I am not a fan of Harry Potter (though I am a fan of Lord of the Rings); but from what I heard of the series, it sounds like she lifted more than a few concepts, components, etc. from Tolkien.
It’s amazing that nearly sixty years after Tolkien wrote Lord of the Rings, writers are still (to some degree or another) imitating him. Amazing what a fellow who would otherwise have been an obscure philologist and professor accomplished.
She uses Jane Austin a lot. It’s called narrative misdirection. We see everything from Harry’s point of view and so miss out on a lot of information.
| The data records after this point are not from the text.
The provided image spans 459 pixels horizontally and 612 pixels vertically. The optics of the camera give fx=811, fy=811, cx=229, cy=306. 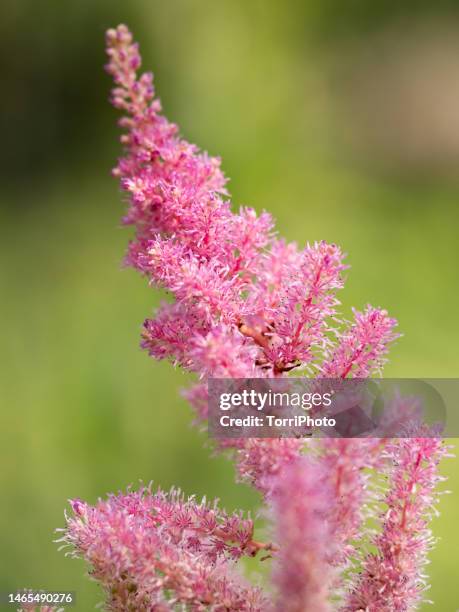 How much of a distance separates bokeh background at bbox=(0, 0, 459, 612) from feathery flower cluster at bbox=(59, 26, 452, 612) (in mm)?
1101

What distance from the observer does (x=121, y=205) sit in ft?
7.76

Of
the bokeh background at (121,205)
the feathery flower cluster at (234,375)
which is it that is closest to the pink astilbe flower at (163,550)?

We think as he thinks and end up getting misdirected in every book until at the end, “I open at the close.” If you only watch the movies and you treat the books as children’s books, they are successful but basically boring to adults. If you approach them as literature, they are very successful. Of course, literature is not everyone’s cup of tea. Harry Potter has brought me back to Shakespeare, Jane Austin, and Dante. The Hero’s Journey is only one of the more shallow approaches to take. The theological approach is fascinating too. In every book he goes beneath the ground and rises in the presence or because of a symbol of Christ. In the last book Harry is the symbol.
Not to mention C.S. Lewis' "Prince Caspian" in which he has Peter, Edmund, Susan and Lucy transported to their alternate world (Narnia) via a train leaving an underground station.
All art is derivative, if you copy and publish from a single source, it's plagiarism, if from multiple sources, it's "research".